When you're asleep, you don’t blink that gunk away. It collects in the corner of your eye closest to your nose -- where your lashes meet your eyelid. The proper name for it is rheum, but you probably call it sleep.
You might spot cream-colored mucus from time to time. That's also normal. It forms when an irritant, like sand or dirt, gets in your eye.
But eye discharge can signal something you can’t blink or wipe away.
Pinkeye. Your eyelid is lined with a see-through membrane called the conjunctiva. It also covers the white part of your eyeball. This layer is full of tiny blood vessels you normally can't see. When they get infected, the whites of your eyes look red or pink, hence the name pinkeye. Your doctor could also call it conjunctivitis.
Blocked tear duct. You have a tear gland above each eyeball.
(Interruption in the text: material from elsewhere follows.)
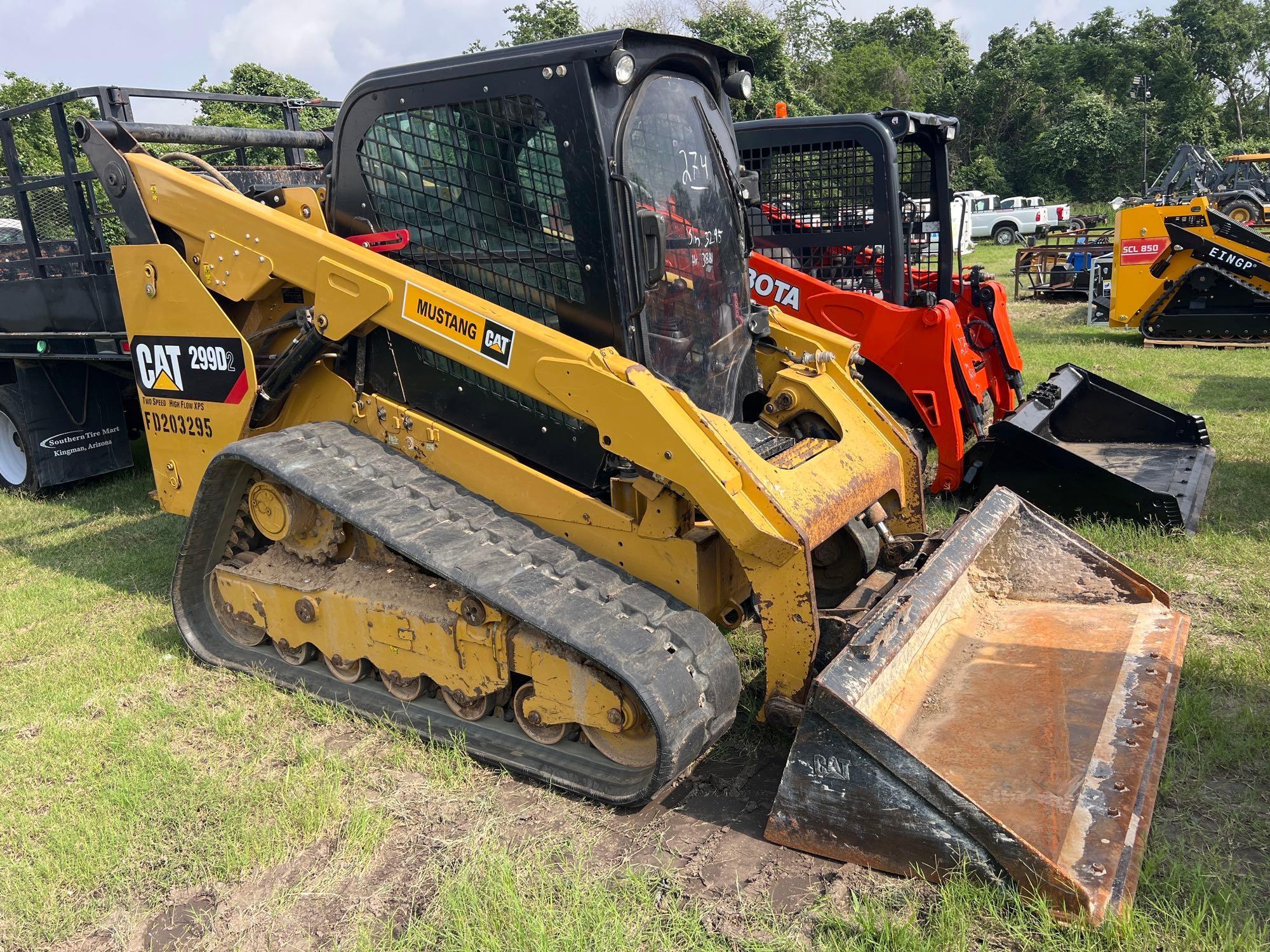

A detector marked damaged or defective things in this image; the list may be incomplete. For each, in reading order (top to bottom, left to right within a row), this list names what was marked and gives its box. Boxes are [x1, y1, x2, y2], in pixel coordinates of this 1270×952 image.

rusty bucket attachment [960, 363, 1219, 533]
rusty bucket attachment [762, 487, 1189, 919]
rusty metal surface [762, 487, 1189, 919]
They make the fluid that gets wiped across your eye when you blink. It drains into ducts in the corner of your eye closest to your nose. If a tear exit duct is blocked, that fluid has nowhere to go. The duct can get infected and cause discharge. Babies can get it if a tear duct hasn't opened all the way.
Dry eye. Tears are made up of four things: water, oils, mucus, and antibodies. If their balance is off, or if your tear glands stop making tears, your eyes get dry. When your eye doesn't get enough fluid, it tells your nervous system to send some. That sometimes comes in the form of emergency tears, which don't have the same nourishing balance as regular tears. Emergency tears with too much mucus can lead to strings of gunk in or around your eye.
Corneal ulcer. The cornea covers your iris, the colored section of your eye, and your pupil, which lets the light in. It’s rare, but an ulcer could happen when there's an eye infection or extreme case of dry eye. It can create discharge.